Serum and extracellular calcium modulate induction of cytochrome P-450IA1 in human keratinocytes.

Culture conditions allowing for cytochrome P-450IA1 induction by 2,3,7,8-tetrachlorodibenzofuran (TCDF) in normal human keratinocytes (HK) were investigated. HK grown in serum-free low extracellular Ca2+ (0.1 mM) medium did not accumulate P-450IA1 mRNA in response to TCDF. If, however, the cultures were pretreated for more than 24 h with either serum or elevated extracellular Ca2+ (2.0 mM), induction of P-450IA1 was obtained by TCDF. Serum and elevated Ca2+ concentrations were found to be additive in this respect.
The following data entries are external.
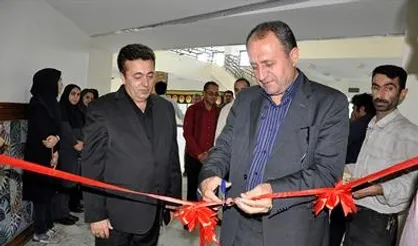 رئیس دانشگاه مازندران از درب دست ساخت دانشجوی معماری رونمایی کرد
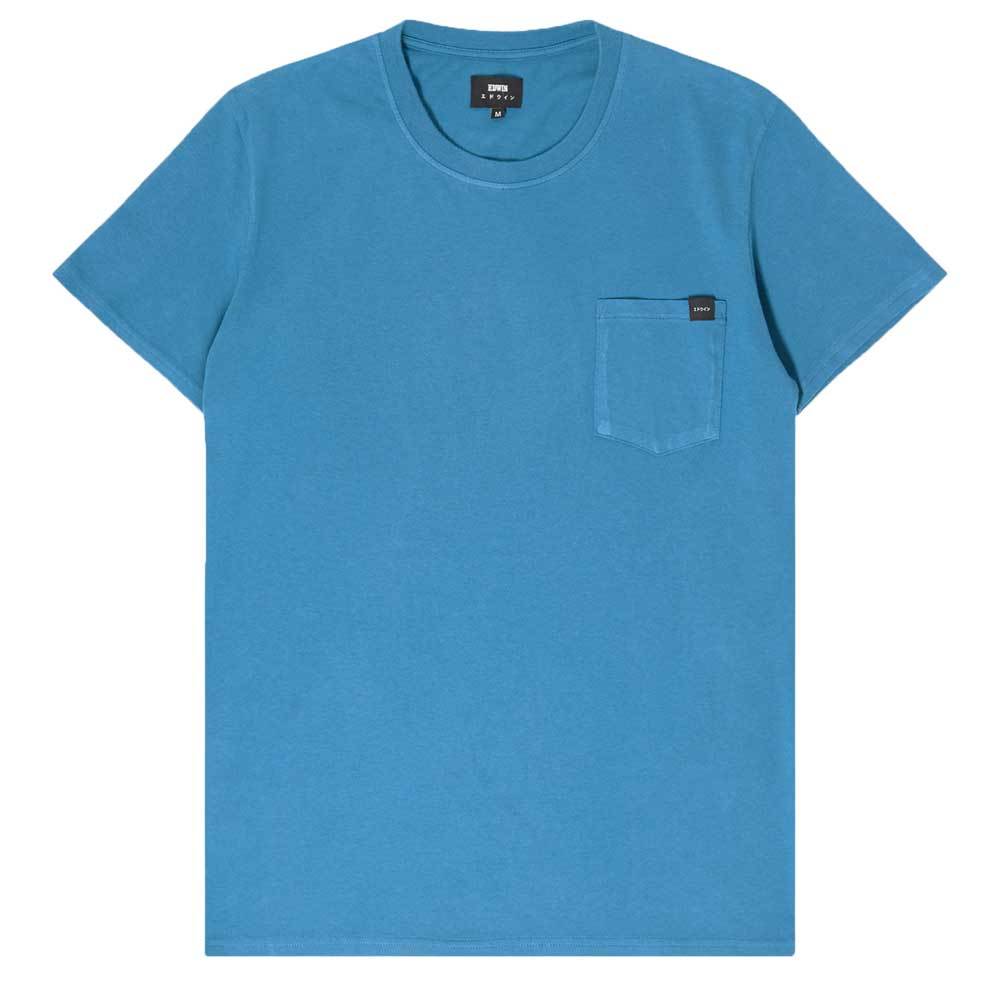 Edwin Pocket T Shirt - Blue Sapphire - so-ldn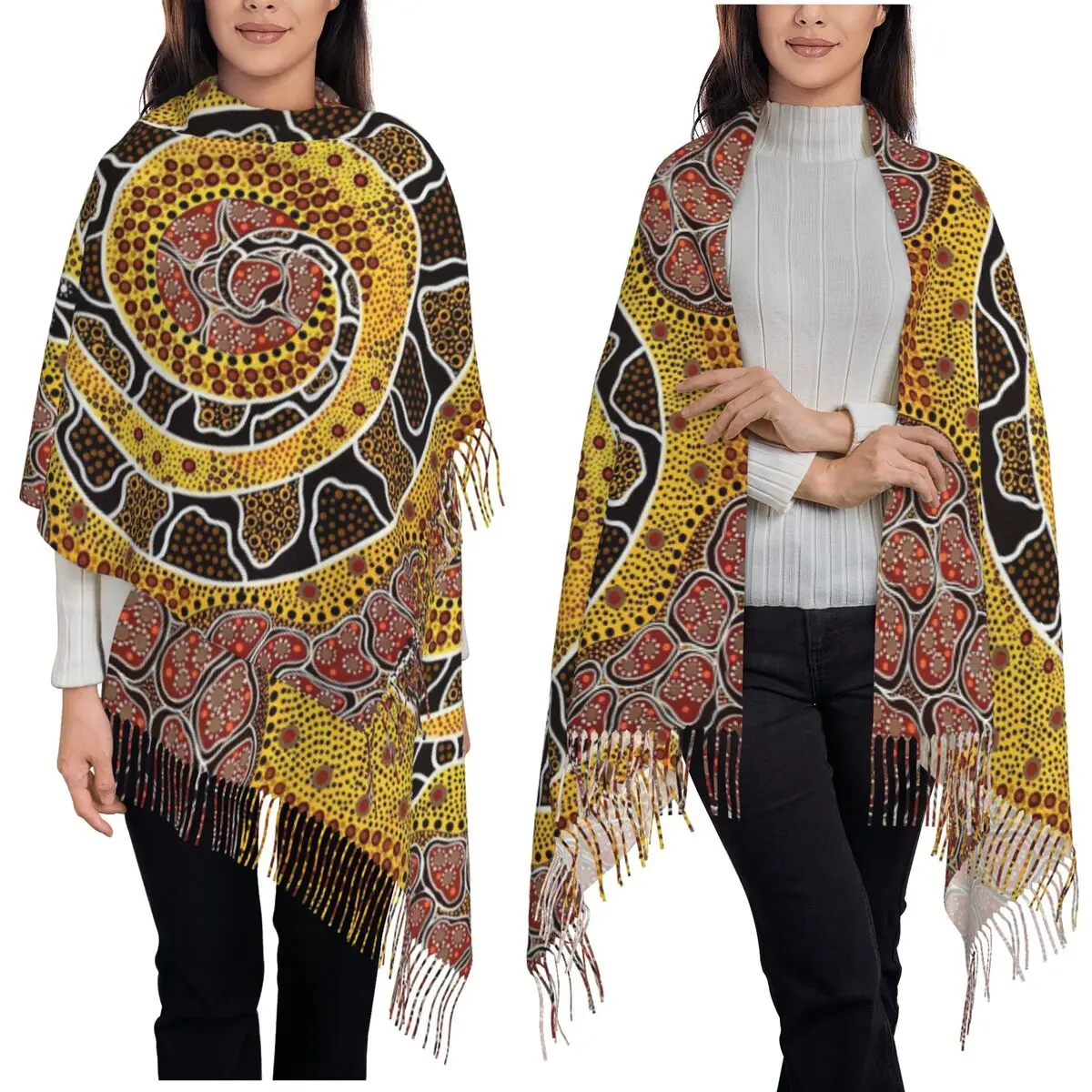 Шарф с австралийским аборигеном, шарфы с кисточками, женские мягкие теплые шали и накидки, длинная осенне-зимняя шаль
Шарф с австралийским аборигеном, шарфы с кисточками, женские мягкие теплые шали и накидки, длинная осенне-зимняя шаль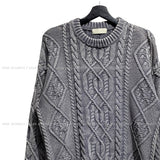 Ratz Dyeing Overfit Pretzel Knit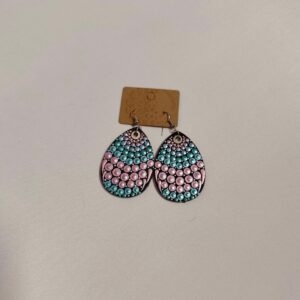 Pisani veliki leseni uhani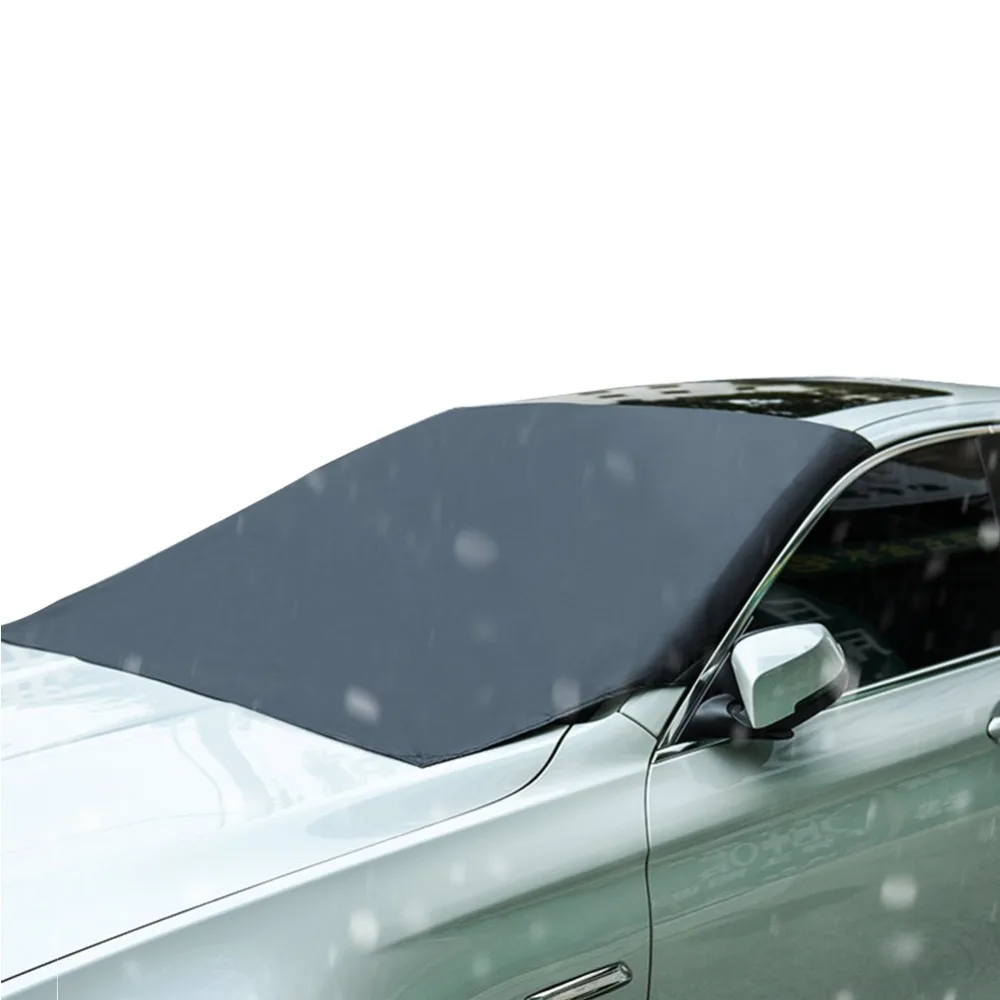 210*120cm Automobile Magnetic Sunshade Cover Car Windshield Snow Sun Shade Waterproof Protector Cover Car Front Windscreen Cover
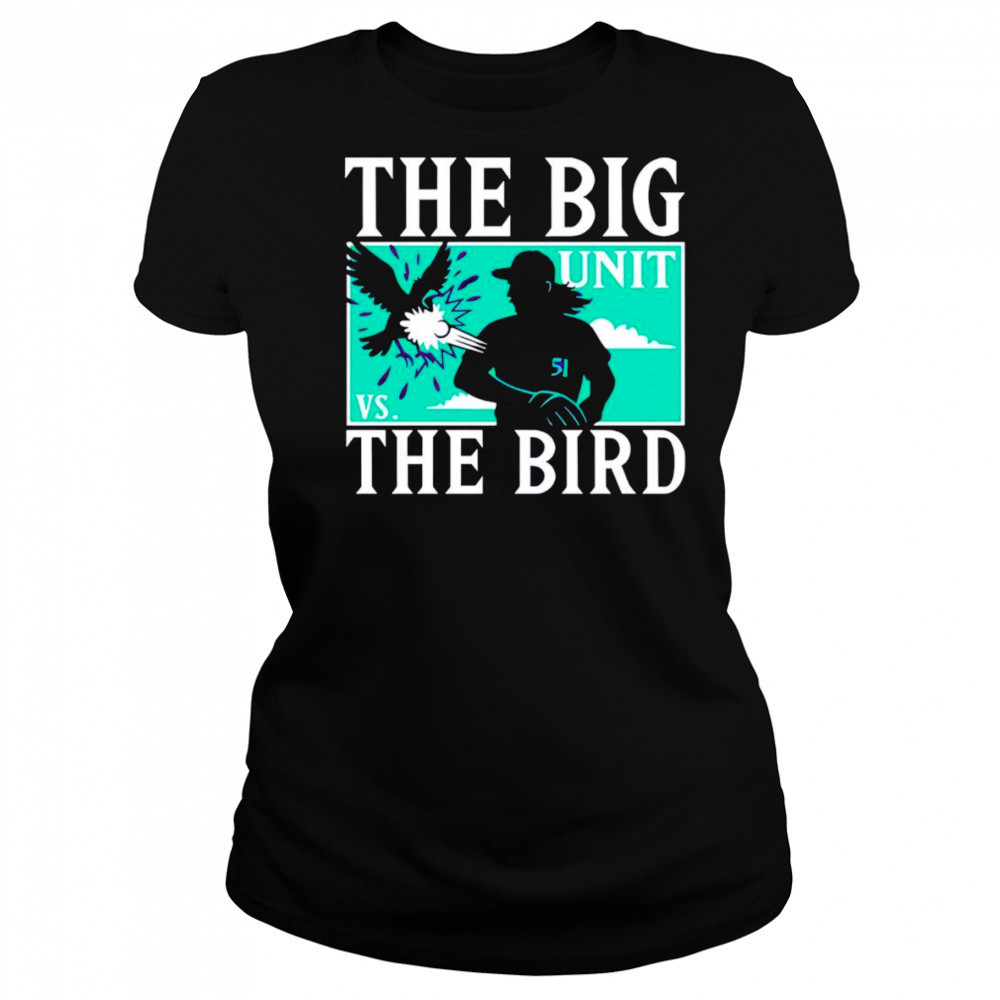 The big unit vs the bird shirt Women's T-shirt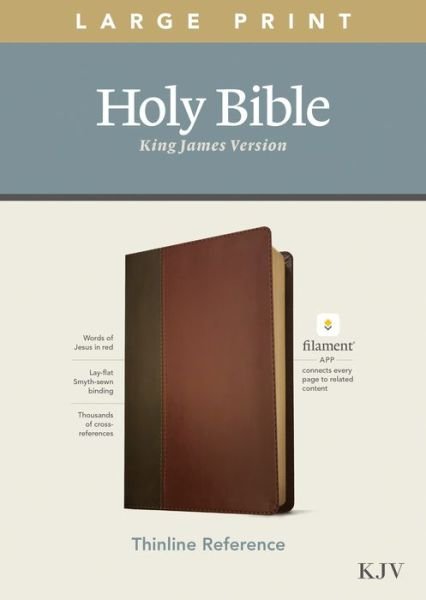 Cover for Tyndale · KJV Large Print Thinline Reference Bible, Filament Enabled Edition (Red Letter, LeatherLike, Brown / Mahogany) (Bog) (2020)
When analyzing HK derived from five individuals, no apparent difference was found in the relative induction of P-450IA1 by increasing concentrations of TCDF, giving an EC50 of approximately 2 nM. The permissive effect of serum and elevated Ca2+ could be conferred to a reporter gene by the -1140 to +2435 part of the human CYPIA1 gene. Culture conditions allowing for P-450IA1 induction correlated with conditions that induced mRNA corresponding to the differentiation specific enzyme epidermal transglutaminase. This finding, together with the known differentiation promoting effects of serum and elevated Ca2+, suggest that terminal differentiation is necessary for P-450IA1 induction in HK by Ah receptor ligands.